Further particularly preferred embodiments of the invention are
polynucleotides encoding human AXOR52 polypeptides having the amino
acid sequence set out in FIG. 6 (SEQ ID NO:6), respectively, as
well as variants thereof
[0129] Further preferred embodiments are polynucleotides encoding
monkey or human AXOR8 variants that have the amino acid sequences
of FIG. 2 (SEQ ID NO:2) or 4 (SEQ ID NO:4), respectively, in which
several, 5-10, 1-5, 1-3, 1-2 or 1 amino acid residues are
substituted, deleted or added, in any combination. Other preferred
embodiments are polynucleotides encoding human AXOR52 variants that
have the amino acid sequence of FIG. 6 (SEQ ID NO:6), respectively,
in which several, 5-10, 1-5, 1-3, 1-2 or 1 amino acid residues are
substituted, deleted or added, in any combination.

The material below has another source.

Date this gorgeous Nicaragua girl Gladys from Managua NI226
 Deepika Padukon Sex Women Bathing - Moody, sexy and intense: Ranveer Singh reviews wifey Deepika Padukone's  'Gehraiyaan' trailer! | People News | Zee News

[0130] Vectors, Host Cells, Expression
[0131] The present invention also relates to vectors which comprise
a polynucleotide or polynucleotides of the present invention, and
host cells which are genetically engineered with vectors of the
invention and to the production of polypeptides of the invention by
recombinant techniques. Cell-free translation systems can also be
employed to produce such proteins using RNAs derived from the DNA
constructs of the present invention.
[0132] For recombinant production, host cells can be genetically
engineered to incorporate expression systems or portions thereof
for polynucleotides of the present invention. Introduction of
polynucleotides into host cells can be effected by methods
described in many standard laboratory manuals, such as Davis, et
al., BASIC METHODS IN MOLECULAR BIOLOGY (1986) and Sambrook, et
al., MOLECULAR CLONING: A LABORATOR/Y MANUAL, 2nd Ed., Cold Spring
Harbor Laboratory Press, Cold Spring Harbor, N.Y. (1989) such as
calcium phosphate transfection, DEAE-dextran mediated transfection,
transvection, microinjection, cationic lipid-mediated transfection,
electroporation, transduction, scrape loading, ballistic
introduction or infection.
[0133] Representative examples of appropriate hosts include
bacterial cells, such as streptococci, staphylococci, E. coli,
Streptomyces and Bacillus subtilis cells; fungal cells, such as
yeast cells and Aspergillus cells; insect cells such as Drosophila
S2 and Spodoptera Sf9 cells; animal cells such as CHO, COS, HeLa,
C127, 3T3, BHK, 293 and Bowes melanoma cells; and plant cells.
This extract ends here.